In the wee small hours of this morning I was pottering up the A303 to Basingstoke (sunrise over the Festival Centre is well worth seeing) and heard the Secretary of State for Business, Energy and Industrial Strategy extolling his departments “Good Work Plan”. It sounded impressive but I found myself wondering about its substance so I looked it up. It turns out the plan is in fact a 5 page press release the headlines of which are:
- Workers are to be given new day-one rights to holiday and sick pay. That sounds good but they’ve had a right to holiday pay since 1998 through the Working Time Regulations and workers already qualify for SSP if they’re liable for Class 1 NIC.
- “Reforms will ensure employment law and practices keep pace with modern ways of working created by rapid technological change.” That’s a super sound-bite but I have a concern it raises expectations which the law will struggle to meet. In this context the law is reactive and the Uber case is a good example of how it works. Uber launched its service in London saying that its relationship with drivers was one of agency not employment. This was challenged and we now know what the ET and the EAT made of it. The point is that the law demonstrated it was up to the challenge and it did so with a fair amount of common sense.
- “…the government will be accountable for good quality work as well as quantity of jobs…" That’s an aspirational statement which seems to mean a right “to request a more stable contract, providing more financial security for those on flexible contracts”. Of course the devil will be in the detail of how the aspiration is translated into practice bearing in mind the government also says that flexibility is the cornerstone of the UK labour market.
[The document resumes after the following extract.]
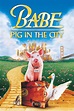 Babe: Pig in the City: Official Clip - Bouncy Balloon Pants - Trailers ...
While it’s easy to dismiss the press release as puff it seems to me it’s real significance is that it launches four concurrent consultations. These are on the enforcement of employment rights, agency workers, measures to increase transparency in the UK labour market and employment status. I take that as a sign the government is willing to grapple with the underlying issues raised in last Autumn’s Taylor report. These go much deeper than technical questions of law reform. They take us into more fundamental and much more difficult questions concerning economic power and social justice – and that’s before we even begin to think about the supra-national elements. Remember that Uber’s operating model in London depends on rights to an app vested in a Dutch corporation and when another aspect of the Uber operation was referred to the CJEU by the Commercial Court in Barcelona, no fewer than 8 EU national governments and the European Commission intervened. If the government can cut that Gordian knot todays puff will turn out to have been a veritable gale.